▶ [WHAT YOU ARE ASKED TO DO]
Retype the data that follows line by line, exactly, and leave its pictures out.

▶ [EXTRACTED ENTRIES]
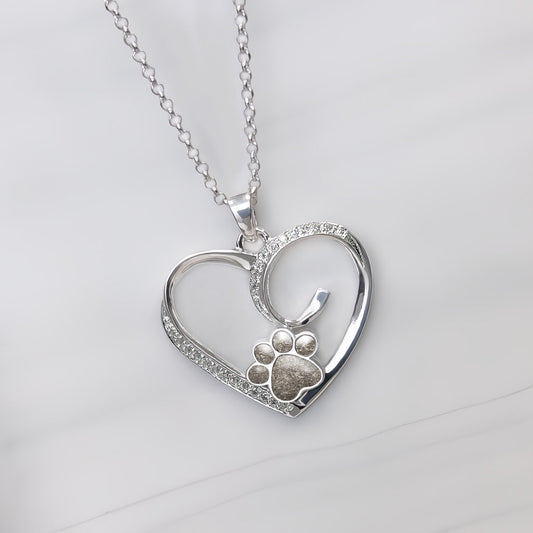 Colgante con cenizas de tu mascota dentro de una huella custodiada por un corazón de plata rodeado de circonitas.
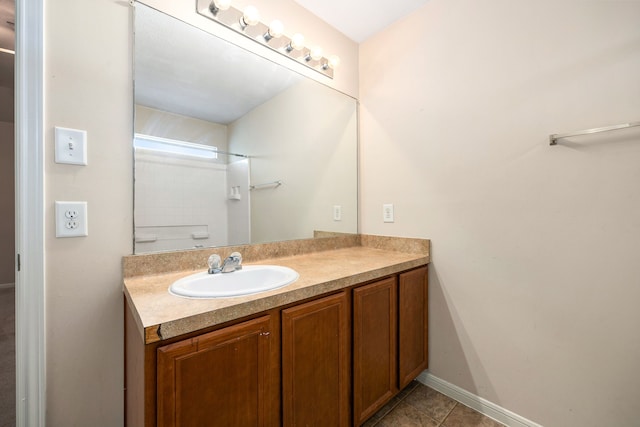 6352 Austinville Dr, Katy, TX 77449 - bathroom with vanity, tile patterned flooring, and baseboards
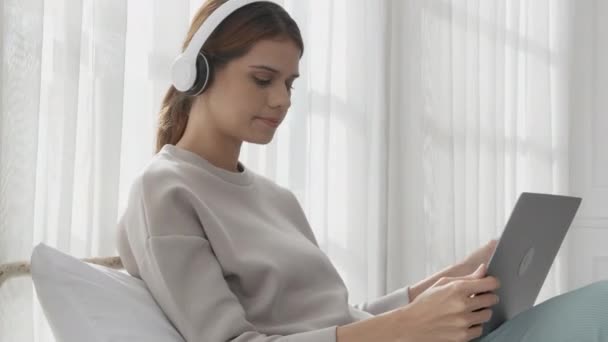 Happy Young Woman Wearing Headphones Listening Music While Using Laptop — Vídeo de stock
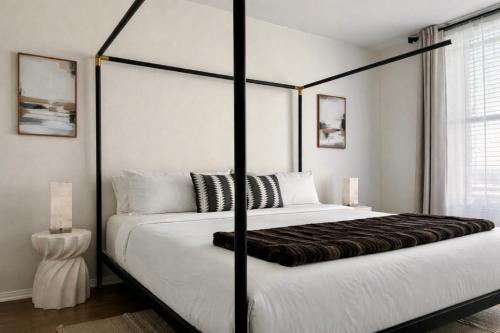 a bedroom with a large bed with a black frame at Beautiful Getaway Near Venice in Los Angeles
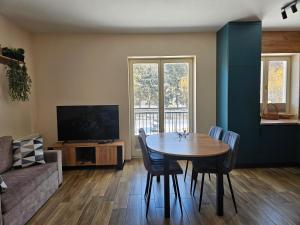 a living room with a table and a couch at Apartament Astra - Bliżej Zdroju in Polanica-Zdrój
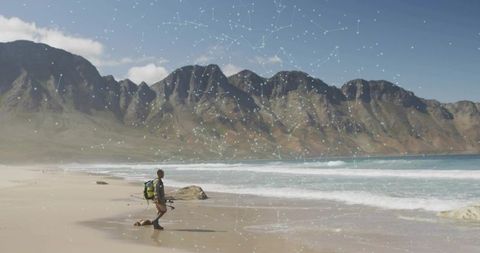Standing angler casting on remote mountain beach wearing waders and green backpack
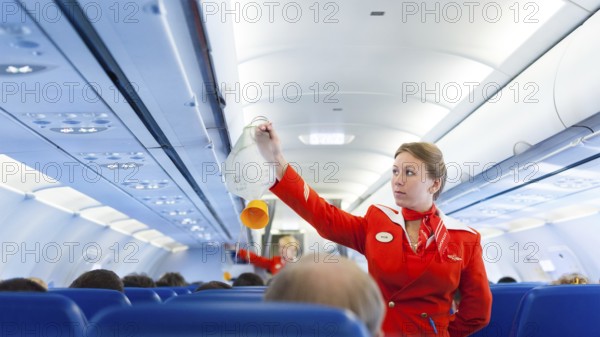 MOSCOW - MAY 28, 2011: Air hostess Yulia of Aeroflot shows how to use an oxygen mask on board. Aeroflot operates the youngest fleet in the world among major airlines, numbering 150 airliners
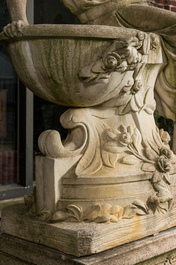 A white painted concrete garden urn flanked by the goddess Flora on matching stand, 20th C.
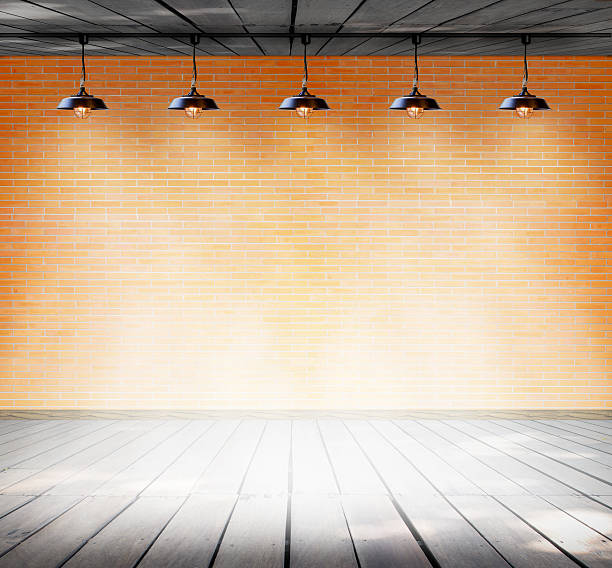 istock Lamp at brick wall background with ground wood 531478795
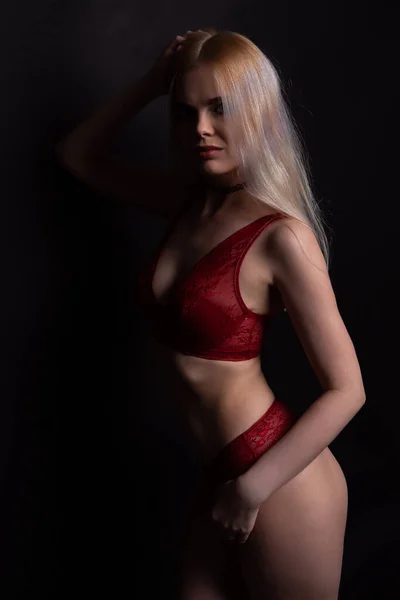 Sexy blonde Frau in roter Lacy-Unterwäsche mit ausdrucksstarkem Look und hinreißender Figur — Stockfoto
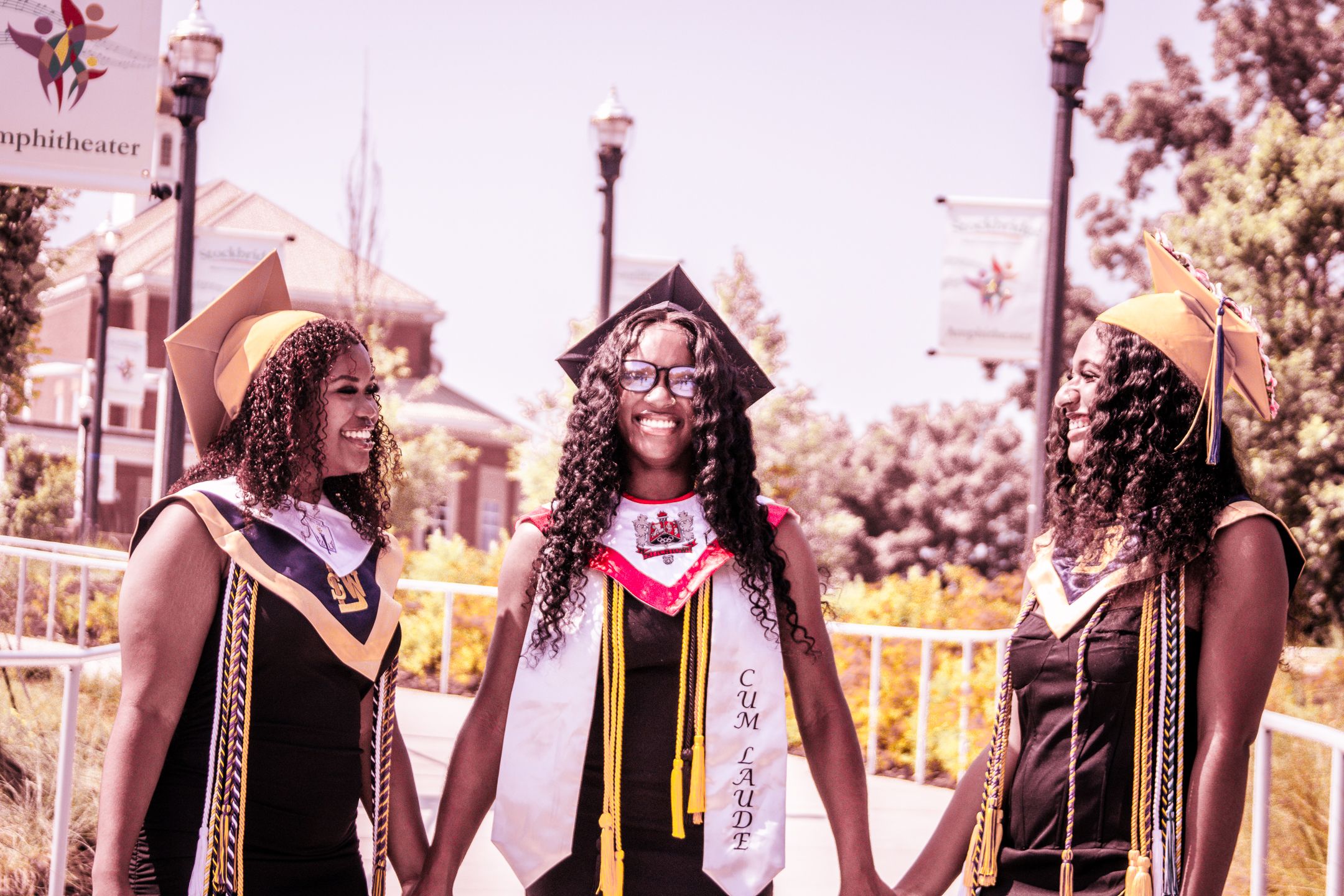 Vintage-style photo of graduates in academic regalia standing by decorative lamp posts.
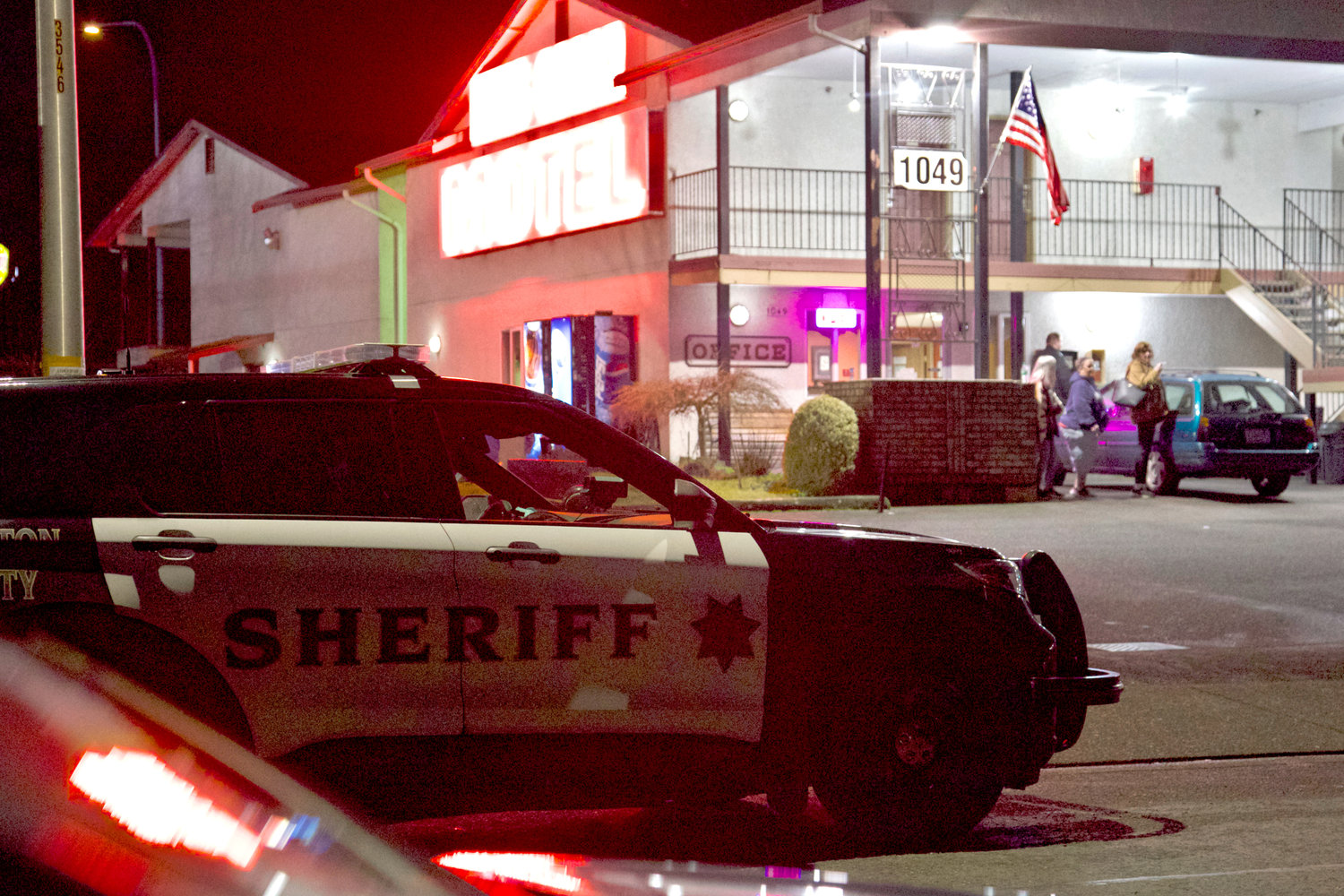 Bystanders outside the King Oscar Motel in the 1100 block of Eckerson Road watch a standoff between law enforcement and an armed individual occurring on private property across the street Sunday night. 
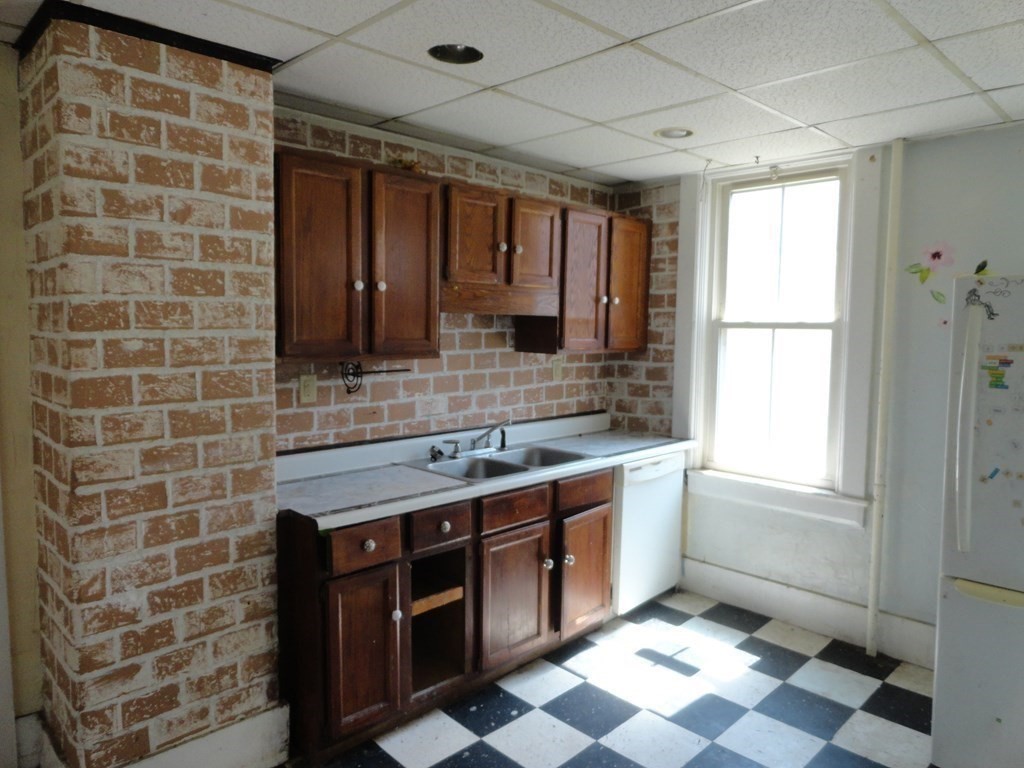 258 Main Street Townsend, MA 01469 - Photo 10 of 23 a bathroom with a granite countertop sink a toilet a mirror and shower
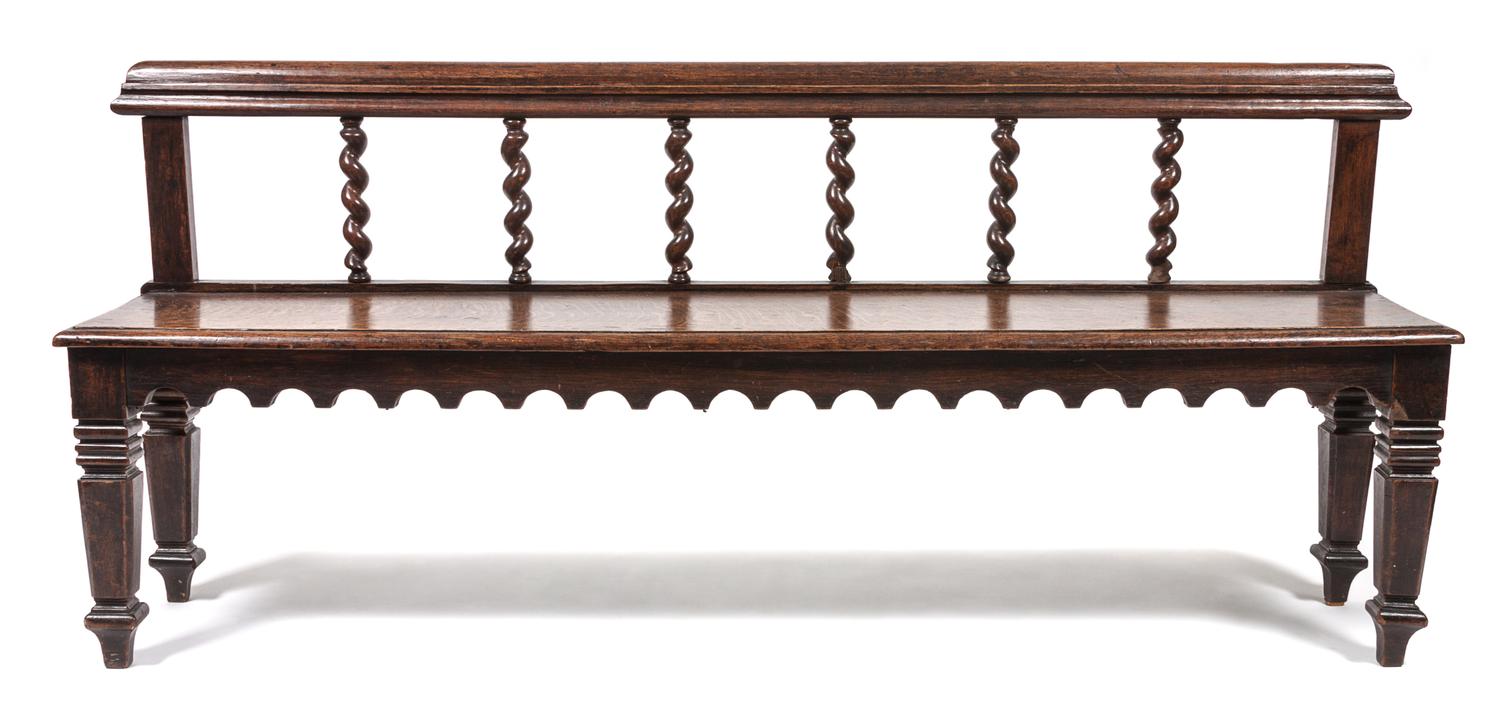 A Jacobean Revival Hall Bench Width 65 inches. — 19TH/20TH CENTURY
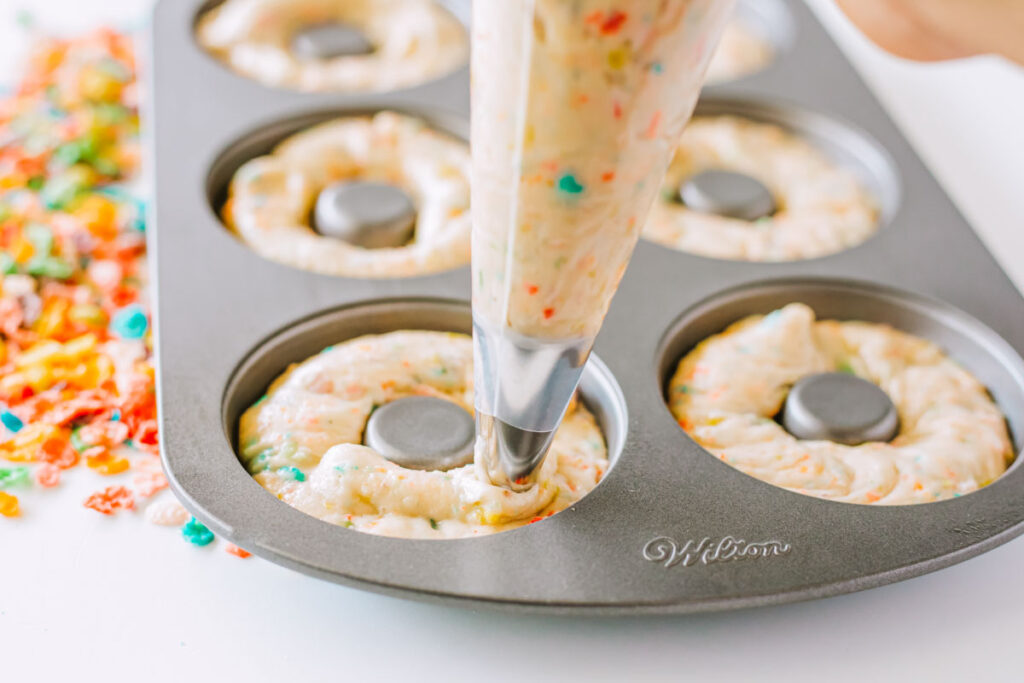 A piping bag fills a donut pan with colorful, sprinkle-filled batter for Fruity Pebbles Donut treats, with scattered cereal pieces visible on the counter.
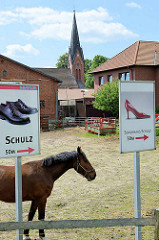 Pferd auf dem Weg zum Schuhkauf? Pferdekoppel mit Schuhwerbung im Dorfzentrum von Stelle.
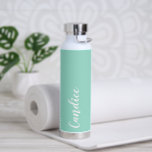 Seafoam Personalised Wedding Bridesmaid Water Bottle<br><div class="desc">Gift your wedding bridesmaid or maid or honour with this trendy, vacuum Insulated water bottle that features her name in white, stylised script on a seafoam colour background designed to match your wedding colour scheme. Personalise bottle by editing and replacing name with your own as desired. Select your water bottle...</div>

▶ [RESULT FOR THIS EXERCISE]
 Colgante con cenizas de tu mascota dentro de una huella custodiada por un corazón de plata rodeado de circonitas.
 6352 Austinville Dr, Katy, TX 77449 - bathroom with vanity, tile patterned flooring, and baseboards
 Happy Young Woman Wearing Headphones Listening Music While Using Laptop — Vídeo de stock
 a bedroom with a large bed with a black frame at Beautiful Getaway Near Venice in Los Angeles
 a living room with a table and a couch at Apartament Astra - Bliżej Zdroju in Polanica-Zdrój
Standing angler casting on remote mountain beach wearing waders and green backpack
 MOSCOW - MAY 28, 2011: Air hostess Yulia of Aeroflot shows how to use an oxygen mask on board. Aeroflot operates the youngest fleet in the world among major airlines, numbering 150 airliners
 A white painted concrete garden urn flanked by the goddess Flora on matching stand, 20th C.
 istock Lamp at brick wall background with ground wood 531478795
 Sexy blonde Frau in roter Lacy-Unterwäsche mit ausdrucksstarkem Look und hinreißender Figur — Stockfoto
 Vintage-style photo of graduates in academic regalia standing by decorative lamp posts.
 Bystanders outside the King Oscar Motel in the 1100 block of Eckerson Road watch a standoff between law enforcement and an armed individual occurring on private property across the street Sunday night. 
 258 Main Street Townsend, MA 01469 - Photo 10 of 23 a bathroom with a granite countertop sink a toilet a mirror and shower
 A Jacobean Revival Hall Bench Width 65 inches. — 19TH/20TH CENTURY
 A piping bag fills a donut pan with colorful, sprinkle-filled batter for Fruity Pebbles Donut treats, with scattered cereal pieces visible on the counter.
 Pferd auf dem Weg zum Schuhkauf? Pferdekoppel mit Schuhwerbung im Dorfzentrum von Stelle.
 Seafoam Personalised Wedding Bridesmaid Water Bottle<br><div class="desc">Gift your wedding bridesmaid or maid or honour with this trendy, vacuum Insulated water bottle that features her name in white, stylised script on a seafoam colour background designed to match your wedding colour scheme. Personalise bottle by editing and replacing name with your own as desired. Select your water bottle...</div>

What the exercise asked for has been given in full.